Data shown Block Start

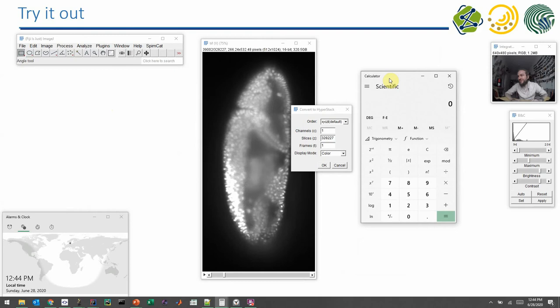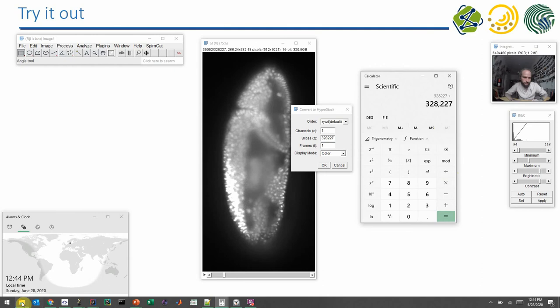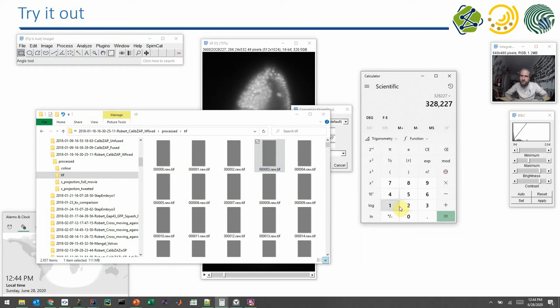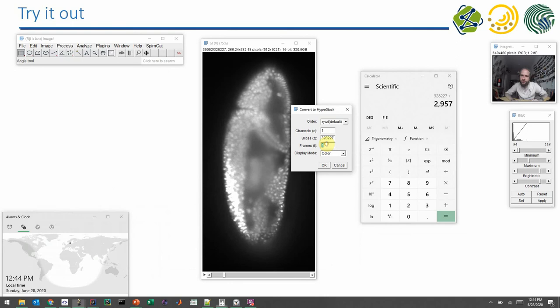With a simple calculator, you can calculate the correct numbers. I will take the 300,000 files and divide them by the number of files in this folder, which is 2957. I can enter 2957 in frames, because this is how many time points we have. If I divide the original number, I get out how many slices per stack we have. Then I click OK. This takes no time.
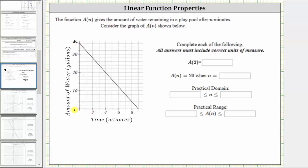Looking at the horizontal axis, notice how at this point here, the time would be nine minutes. After nine minutes, we can see there would be zero gallons of water in the pool, and the pool would be empty.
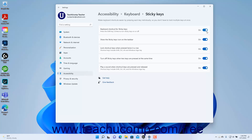To enable or disable showing the Sticky Keys icon in the taskbar, click the Show the Sticky Keys icon on the taskbar setting button's toggle switch to set it to the on or off position. To enable or disable locking the shortcut keys when they are pressed twice in a row, click the Lock Shortcut Keys when pressed twice in a row setting button's toggle switch to set it to the on or off position.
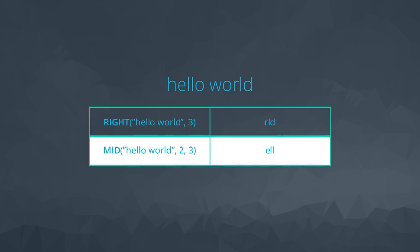Mid extracts from anywhere in a phrase based on some starting point. In this case, starting with the second letter, there are three letters extracted: E-L-L.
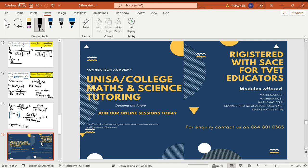If you have any questions, please text me on WhatsApp or comment in the section below. If you need online sessions or tutorials for Maths 1 up to Maths 3, Engineering Mechanics, AMC, EME 1501, or Mathematics N1 to N6, please DM me — I do offer online sessions. Please subscribe to our YouTube channel to get updates when we upload new videos. Thank you for watching.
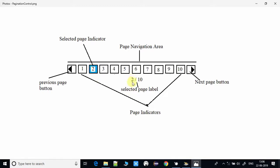There is a selected page label on the left-hand side showing which page is currently selected. After the slash you can see the maximum number of pages for the pagination control. This can also be set inside Scene Builder. I will explain these properties in Scene Builder as well.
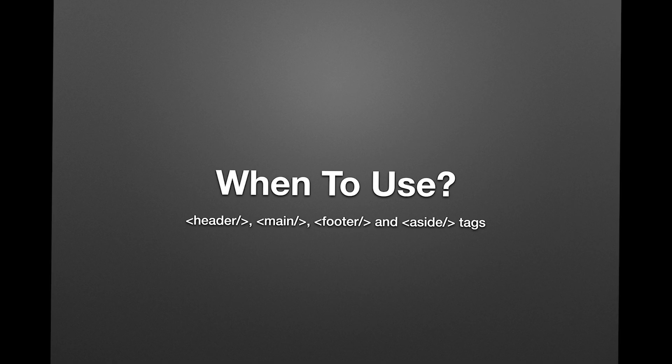Hello there, this is Dawson Correa with Before Semicolon, and in this video I'm going to quickly explain to you when to use header, main, footer, and aside HTML tags.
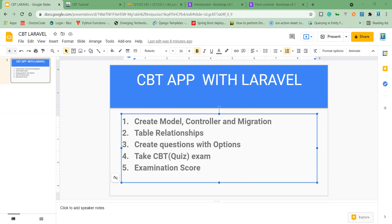We also have a model — the Question model. In the Question model we have our fillable fields defined, similar to what we explained in our previous tutorial on Paystack payments.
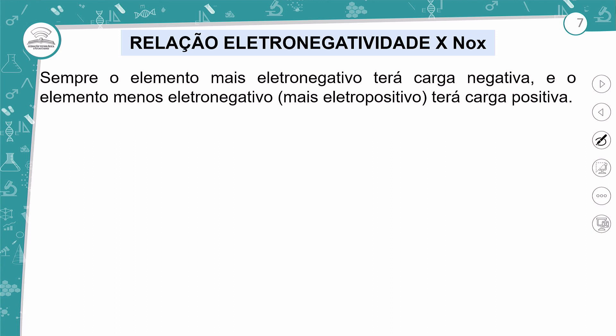O elemento mais eletronegativo terá carga negativa — porque ele atrai mais elétrons, vai ganhar elétron, então a carga dele será negativa. Os elementos menos eletronegativos, chamados de mais eletropositivos, vão ter carga positiva. Resumindo: quanto mais eletronegativo, carga negativa; quanto menos eletronegativo, carga positiva.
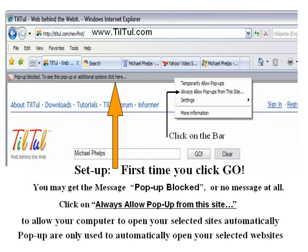Setup: First time you click on go, you may get the message pop-up blocked or no message at all. Click on always allow pop-up from this site to allow your computer to open your selected sites automatically. Pop-ups are only used by TilTul to automatically open your selected websites.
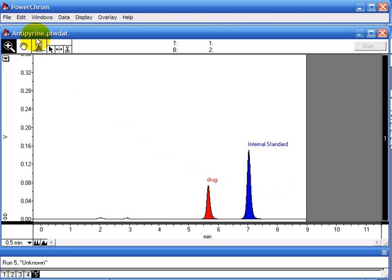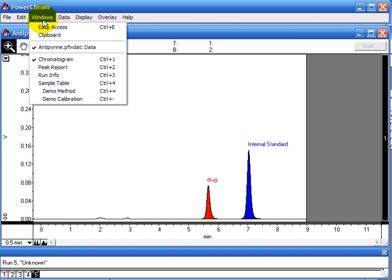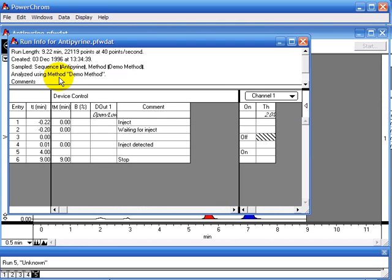You first need to know what sampling rate this data was collected at. You do that in the Windows menu, Run Info. It says here that the data was collected at 40 points per second. That will come in useful later on.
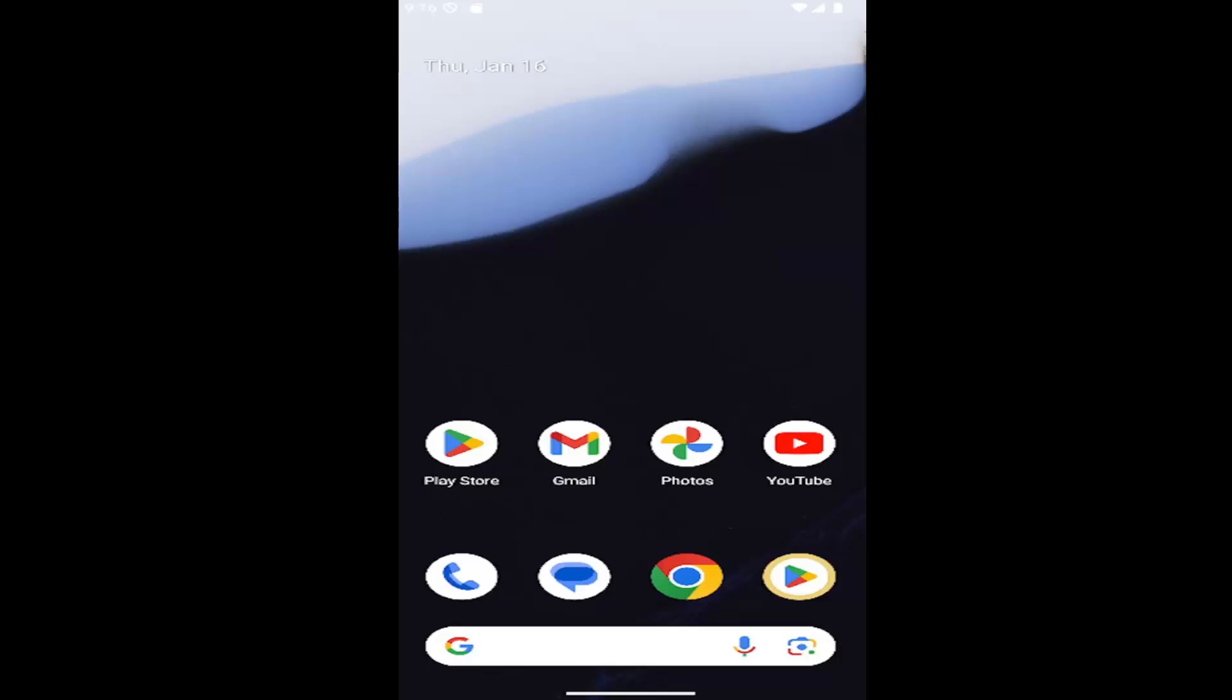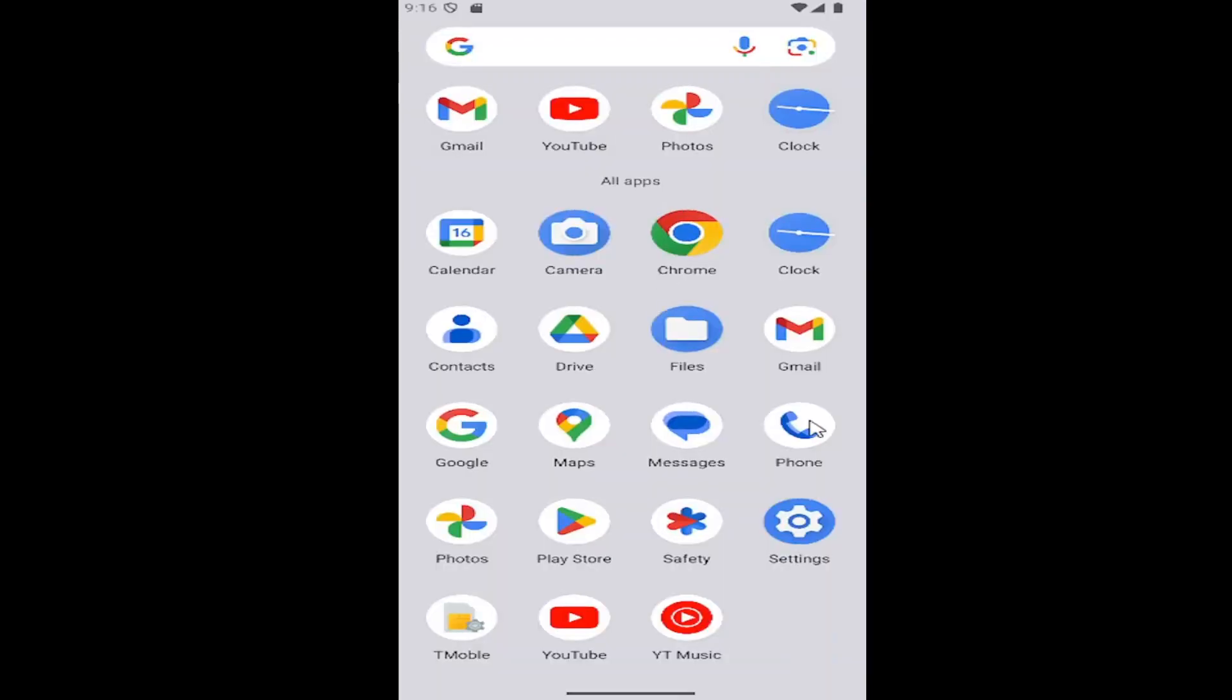And without further ado, let's go ahead and jump right into it. So all you have to do is open up the settings window. Just scroll up on your phone and then select the settings gear icon, unless you see it on your main page. Go ahead and tap on that.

Data shown Block End

What you have to do -
Return all the data exactly, pictures omitted.

Task solution -
With a simple calculator, you can calculate the correct numbers. I will take the 300,000 files and divide them by the number of files in this folder, which is 2957. I can enter 2957 in frames, because this is how many time points we have. If I divide the original number, I get out how many slices per stack we have. Then I click OK. This takes no time.
Looking at the horizontal axis, notice how at this point here, the time would be nine minutes. After nine minutes, we can see there would be zero gallons of water in the pool, and the pool would be empty.
To enable or disable showing the Sticky Keys icon in the taskbar, click the Show the Sticky Keys icon on the taskbar setting button's toggle switch to set it to the on or off position. To enable or disable locking the shortcut keys when they are pressed twice in a row, click the Lock Shortcut Keys when pressed twice in a row setting button's toggle switch to set it to the on or off position.
Mid extracts from anywhere in a phrase based on some starting point. In this case, starting with the second letter, there are three letters extracted: E-L-L.
If you have any questions, please text me on WhatsApp or comment in the section below. If you need online sessions or tutorials for Maths 1 up to Maths 3, Engineering Mechanics, AMC, EME 1501, or Mathematics N1 to N6, please DM me — I do offer online sessions. Please subscribe to our YouTube channel to get updates when we upload new videos. Thank you for watching.
There is a selected page label on the left-hand side showing which page is currently selected. After the slash you can see the maximum number of pages for the pagination control. This can also be set inside Scene Builder. I will explain these properties in Scene Builder as well.
Hello there, this is Dawson Correa with Before Semicolon, and in this video I'm going to quickly explain to you when to use header, main, footer, and aside HTML tags.
We also have a model — the Question model. In the Question model we have our fillable fields defined, similar to what we explained in our previous tutorial on Paystack payments.
O elemento mais eletronegativo terá carga negativa — porque ele atrai mais elétrons, vai ganhar elétron, então a carga dele será negativa. Os elementos menos eletronegativos, chamados de mais eletropositivos, vão ter carga positiva. Resumindo: quanto mais eletronegativo, carga negativa; quanto menos eletronegativo, carga positiva.
Setup: First time you click on go, you may get the message pop-up blocked or no message at all. Click on always allow pop-up from this site to allow your computer to open your selected sites automatically. Pop-ups are only used by TilTul to automatically open your selected websites.
You first need to know what sampling rate this data was collected at. You do that in the Windows menu, Run Info. It says here that the data was collected at 40 points per second. That will come in useful later on.
And without further ado, let's go ahead and jump right into it. So all you have to do is open up the settings window. Just scroll up on your phone and then select the settings gear icon, unless you see it on your main page. Go ahead and tap on that.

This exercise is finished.